As investors try to assess comments from officials following three days of talks between the two sides in Beijing, Chinese authorities have allowed the currency to climb to a five-month high. That’s a stark contrast to moves last year, when investors feared they would deliberately weaken it to pressure the U.S. in negotiations.
The yuan appreciated 1.8 percent against its U.S. counterpart this week, reaching 6.7400 per dollar, its strongest level since July. The Federal Reserve’s shift to pause mode has helped the currency defy a deepening slowdown across the world’s No. 2 economy -- the Bloomberg Dollar Spot Index tumbled 0.9 percent in the same period, its worst weekly performance in almost a year. The offshore yuan pared a gain today after a report from MNI that the central bank doesn’t want a sharp appreciation by the yuan.
“The premise is that Beijing’s policy makers would cap dollar-yuan below 7 in an effort not to further antagonize U.S.-China trade relations,” Claudio Piron, co-head of Asia FX and rates strategy at Bank of America Merrill Lynch in Singapore, said in a report this week.
China described the three-day meetings with U.S. counterparts as “extensive, in-depth and detailed,” laying the foundation for a resolution to the trade conflict. Presidents Donald Trump and Xi Jinping have given their officials until March 1 to reach an agreement on “structural changes” to the Chinese economy. Vice Premier Liu He is set to visit Washington on Jan. 30 and Jan. 31 for further trade talks, according to people familiar with the plans.
Last year, escalating trade tensions with the U.S. and looser monetary policy aimed at helping China’s slowing economy had investors wondering whether Chinese authorities would let the yuan drop past 7 per dollar for the first time since 2008. It weakened as far as 6.9780 per dollar on Oct. 31 before signs of easing tension between the two nations sparked a turnaround.

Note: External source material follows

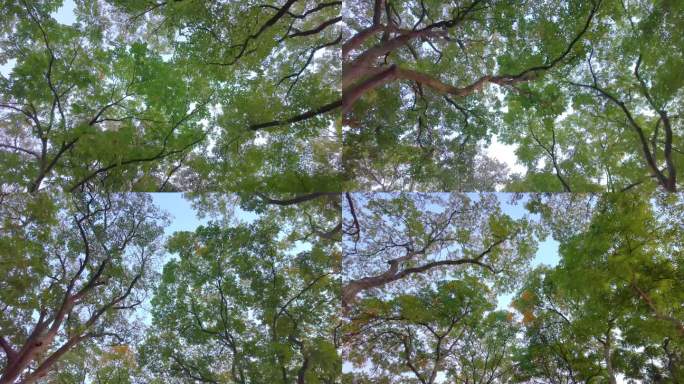 唯美仰望仰视仰拍树林树叶树木空镜头49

The yuan’s strong performance so far this year also stands in sharp contrast to China’s deepening economic woes. A December manufacturing gauge dropped below 50 -- the level that denotes contraction -- to its weakest since early 2016. The latest price readings were well short of estimates, rekindling deflation fears and leaving more room for the central bank to cut interest rates, Citigroup said in a note to clients on Wednesday. And the prospect of lower rates, in turn, may suggest the yuan should be slumping.